Culto de hiperdulía.
Como es sabido, el culto tributado por la Iglesia Católica a la Santísima Virgen María, Madre de Dios, recibe el nombre de culto de hiperdulía (veneración especial): es distinto de la adoración o culto de latría (adoración), únicamente debido a Dios Uno y Trino, pero por otro lado es superior al culto de dulía o de veneración correspondiente a los santos y ángeles. Se trata, pues, de una veneración especial, por encima de la de todos los demás santos y ángeles, y el motivo es fundamentalmente su Maternidad divina y su relación con la Trinidad a consecuencia de ella, además de todos los privilegios derivados de esa prerrogativa y de la misión singular que debía cumplir en la Historia de la Salvación como Corredentora, Medianera de las gracias y Madre espiritual de los hombres.
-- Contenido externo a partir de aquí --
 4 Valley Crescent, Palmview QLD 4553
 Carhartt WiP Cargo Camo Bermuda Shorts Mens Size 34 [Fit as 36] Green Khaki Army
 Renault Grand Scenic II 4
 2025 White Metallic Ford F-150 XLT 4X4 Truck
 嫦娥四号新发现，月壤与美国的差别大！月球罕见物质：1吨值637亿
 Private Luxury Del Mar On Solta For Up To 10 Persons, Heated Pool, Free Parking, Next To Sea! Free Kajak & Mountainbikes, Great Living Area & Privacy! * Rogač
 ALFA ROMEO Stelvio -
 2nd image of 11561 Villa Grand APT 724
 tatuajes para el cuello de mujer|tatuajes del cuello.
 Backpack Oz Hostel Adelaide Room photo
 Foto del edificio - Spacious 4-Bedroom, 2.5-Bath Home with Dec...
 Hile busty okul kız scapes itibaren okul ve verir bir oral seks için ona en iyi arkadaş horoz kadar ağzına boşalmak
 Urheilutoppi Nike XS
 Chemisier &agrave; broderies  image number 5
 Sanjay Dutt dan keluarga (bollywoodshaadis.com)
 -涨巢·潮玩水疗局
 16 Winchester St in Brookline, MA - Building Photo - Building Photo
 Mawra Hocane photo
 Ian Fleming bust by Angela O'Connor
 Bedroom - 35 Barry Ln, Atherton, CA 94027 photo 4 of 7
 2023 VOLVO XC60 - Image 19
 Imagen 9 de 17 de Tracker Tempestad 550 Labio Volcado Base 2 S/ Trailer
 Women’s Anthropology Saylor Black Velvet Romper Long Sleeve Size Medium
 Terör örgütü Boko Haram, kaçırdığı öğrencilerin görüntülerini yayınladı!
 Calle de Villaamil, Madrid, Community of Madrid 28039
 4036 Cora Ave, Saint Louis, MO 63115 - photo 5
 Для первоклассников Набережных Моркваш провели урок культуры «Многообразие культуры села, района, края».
La criatura más cercana a Dios
María es, en efecto, la criatura más cercana a Dios, que está por encima de toda alabanza y es venerada de un modo preeminente por la misión recibida por el Señor, por su unión con los misterios de Jesucristo, por la gracia y poder de que goza junto al Sagrado Corazón de su Hijo y junto al Padre celestial, por su santidad superior a la de los coros angélicos y por su gloria eterna mayor que la de los demás moradores del Cielo. Esto hace que el culto y el amor especiales de que es merecedora Nuestra Señora la hagan gozar de numerosos títulos, como “Refugio de pecadores”, “Madre de la divina gracia”, “vida, dulzura y esperanza nuestra”, “Abogada”, “Madre de misericordia”…
El venerable Pío XII lo expresaba bellamente con estas palabras: “Honrémosla, pues, reconociendo el brillo sin par de su hermosura, los primores de su bondad y lo irresistible de su poder. Por la excelsitud de sus virtudes y por la dignidad incomparable de su misión, reverenciémosla proclamando su grandeza, manifestándole nuestro respeto y pidiéndole su intercesión. Finalmente, imitémosla sin cesar en tan noble empeño […]” (Radiomensaje al Congreso Mariano Argentino, 12-X-1947).
María engrandece el culto a Dios
Lejos de disminuir el culto a Dios, el de María lo engrandece aún más si cabe y remite siempre a Él. San Rafael Arnñaiz, monje trapense sumamente devoto de la Virgen, decía: “Ama mucho a María y amarás más a Dios”. Todos los papas han exhortado a la devoción mariana, porque Ella es realmente “la obra maestra de Dios y el espejo más brillante de las perfecciones divinas”, como decía el citado Pío XII, ya que, al haber sido elegida desde la eternidad para ser la verdadera Madre de Dios, recibió todos los dones de la naturaleza y de la gracia. En consecuencia, bien entendido, el culto a María no sólo no resta nada a la gloria de Dios, sino que remonta inmediatamente a la misma gloria de Dios.